The C100 is an awful camera and the C300 is a slightly less awful version. There's absolutely no way I'd spend $12,000 on a Cx00 camera with a DSLR body and an EF mount when I can get a better camera in a Scarlet. Now, the Scarlet is not the greatest camera on the planet but I'd take a Scarlet over a DSLR or a Cx00 any day.
 
The DSLRs do far better than the Scarlet in low light, so there's that...

You can do HDRx in 3k on a Scarlet... and I'm not sure I'd say far better, depending on how much noise you're willing to accept.

Either way, I don't really have a need for a camera that will allow me to shoot with no lights - why are you hiring me if I can't light anything!

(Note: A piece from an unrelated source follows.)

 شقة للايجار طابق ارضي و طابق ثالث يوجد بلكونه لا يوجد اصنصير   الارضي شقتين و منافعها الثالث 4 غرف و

I'd rather shoot with Super Speeds wide open at 800 ISO on a Scarlet than CP.2s wide open on a Canon xDx or Cx00 and the ISO at 3200 to make up for the two stops.
 
The C100 is an awful camera and the C300 is a slightly less awful version. There's absolutely no way I'd spend $12,000 on a Cx00 camera with a DSLR body and an EF mount when I can get a better camera in a Scarlet. Now, the Scarlet is not the greatest camera on the planet but I'd take a Scarlet over a DSLR or a Cx00 any day.

And I'd save up a few more nickels and take an F5 over either one of them ;)
 
Got it. Seems he's confusing color resolution with luminescence resolution. Luminescence is far more important to the human eye so his calculation, while kinda sorta technically correct, is not *operationally* correct. His conclusions are awfully misleading. Grr.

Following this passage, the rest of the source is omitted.